Let me tell you about something that shouldn't be possible in professional basketball.
Shai Gilgeous-Alexander hasn't missed a field goal attempt in the fourth quarter or overtime since March 17. That's seven consecutive games. Not seven good games. Seven perfect games when it matters most.
When the game's on the line, when defenses tighten up, when the pressure's at its peak - SGA is automatic. And I'm not talking about taking easy layups. Over his last 20 fourth quarters, he's averaging 8 points per quarter on 68.4% shooting and 53% from three-point range.
Read those numbers again. Fifty-three percent from three in crunch time. That's not clutch. That's historic.
One NBA fan on Reddit captured it perfectly: "We're watching something special and nobody's really talking about it. This is the kind of stuff that ends up in highlight reels 20 years from now."

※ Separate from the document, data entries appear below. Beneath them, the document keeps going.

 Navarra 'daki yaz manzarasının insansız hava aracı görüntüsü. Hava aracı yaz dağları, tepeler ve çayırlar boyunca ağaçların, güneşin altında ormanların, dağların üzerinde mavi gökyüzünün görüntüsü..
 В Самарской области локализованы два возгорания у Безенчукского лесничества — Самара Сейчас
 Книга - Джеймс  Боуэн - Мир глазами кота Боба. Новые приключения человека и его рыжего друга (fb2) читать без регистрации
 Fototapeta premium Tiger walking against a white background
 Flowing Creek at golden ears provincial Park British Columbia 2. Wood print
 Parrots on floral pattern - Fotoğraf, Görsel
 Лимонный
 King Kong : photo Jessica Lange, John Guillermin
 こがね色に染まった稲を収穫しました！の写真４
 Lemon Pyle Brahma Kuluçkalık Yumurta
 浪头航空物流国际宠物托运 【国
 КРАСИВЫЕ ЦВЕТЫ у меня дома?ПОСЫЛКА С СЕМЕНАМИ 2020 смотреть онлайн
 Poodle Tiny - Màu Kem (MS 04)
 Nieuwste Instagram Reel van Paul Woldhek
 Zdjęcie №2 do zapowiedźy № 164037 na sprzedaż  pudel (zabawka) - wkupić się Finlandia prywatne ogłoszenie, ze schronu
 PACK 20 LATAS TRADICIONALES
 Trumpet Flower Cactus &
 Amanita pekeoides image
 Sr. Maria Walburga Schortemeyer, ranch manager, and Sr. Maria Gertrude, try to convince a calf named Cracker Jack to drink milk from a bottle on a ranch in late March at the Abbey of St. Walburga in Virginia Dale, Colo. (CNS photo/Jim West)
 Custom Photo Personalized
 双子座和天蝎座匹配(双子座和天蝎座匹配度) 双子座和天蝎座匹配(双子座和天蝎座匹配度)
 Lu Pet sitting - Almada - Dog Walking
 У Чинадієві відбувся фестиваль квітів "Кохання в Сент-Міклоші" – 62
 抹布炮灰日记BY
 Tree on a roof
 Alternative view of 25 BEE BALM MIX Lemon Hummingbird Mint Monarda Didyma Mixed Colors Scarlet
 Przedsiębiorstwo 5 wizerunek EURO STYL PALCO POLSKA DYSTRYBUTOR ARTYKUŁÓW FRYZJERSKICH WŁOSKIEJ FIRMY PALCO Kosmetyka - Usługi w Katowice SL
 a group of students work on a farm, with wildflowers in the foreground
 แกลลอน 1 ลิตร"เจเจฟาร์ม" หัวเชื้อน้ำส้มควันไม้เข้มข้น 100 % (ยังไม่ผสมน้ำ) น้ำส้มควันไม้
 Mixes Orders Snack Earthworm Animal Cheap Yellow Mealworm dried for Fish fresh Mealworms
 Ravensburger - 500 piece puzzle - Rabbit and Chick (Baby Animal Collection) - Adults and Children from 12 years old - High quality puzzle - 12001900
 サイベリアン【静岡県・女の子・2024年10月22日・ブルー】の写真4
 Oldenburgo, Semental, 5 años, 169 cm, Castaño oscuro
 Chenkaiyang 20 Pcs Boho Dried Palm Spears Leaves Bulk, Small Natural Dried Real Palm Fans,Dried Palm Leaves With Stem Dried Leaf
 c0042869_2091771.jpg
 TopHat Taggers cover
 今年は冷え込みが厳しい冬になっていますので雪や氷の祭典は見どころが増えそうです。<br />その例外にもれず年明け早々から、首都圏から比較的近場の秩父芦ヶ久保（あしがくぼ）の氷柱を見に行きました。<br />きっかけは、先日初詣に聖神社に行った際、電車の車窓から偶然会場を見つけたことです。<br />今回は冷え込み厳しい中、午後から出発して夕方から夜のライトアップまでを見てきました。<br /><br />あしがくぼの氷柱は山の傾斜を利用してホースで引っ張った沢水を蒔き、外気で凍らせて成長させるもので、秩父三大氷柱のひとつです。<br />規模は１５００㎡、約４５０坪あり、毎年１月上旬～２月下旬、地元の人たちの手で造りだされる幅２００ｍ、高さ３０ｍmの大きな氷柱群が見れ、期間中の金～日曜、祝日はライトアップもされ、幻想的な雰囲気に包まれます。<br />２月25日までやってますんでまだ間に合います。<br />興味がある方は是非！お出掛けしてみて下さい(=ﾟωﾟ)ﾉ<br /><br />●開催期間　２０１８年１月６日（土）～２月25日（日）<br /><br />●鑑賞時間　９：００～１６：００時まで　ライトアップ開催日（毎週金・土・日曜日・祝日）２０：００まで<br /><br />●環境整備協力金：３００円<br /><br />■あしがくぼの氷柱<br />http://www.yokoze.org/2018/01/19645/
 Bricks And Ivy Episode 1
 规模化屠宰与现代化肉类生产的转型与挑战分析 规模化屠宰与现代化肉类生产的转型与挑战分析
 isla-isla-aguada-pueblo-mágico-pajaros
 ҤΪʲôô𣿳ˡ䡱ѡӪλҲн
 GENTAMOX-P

Here's what makes SGA different from other great closers: he's not hunting his shot or forcing the issue. He's playing within the offense, taking what the defense gives him, and just not missing. The Oklahoma City Thunder know exactly what they have - a legitimate MVP candidate who becomes superhuman in the fourth quarter.
We talk about clutch players all the time. Michael Jordan. Kobe Bryant. LeBron James. Those names got there because they delivered when the lights were brightest. SGA is building that same résumé right now, one perfect fourth quarter at a time.
What's remarkable is the consistency. Every great scorer has hot streaks. But this isn't about making tough shots - it's about making every shot. For seven straight games, opposing coaches have thrown everything at him: double teams, switching defenses, box-and-one looks. Nothing works.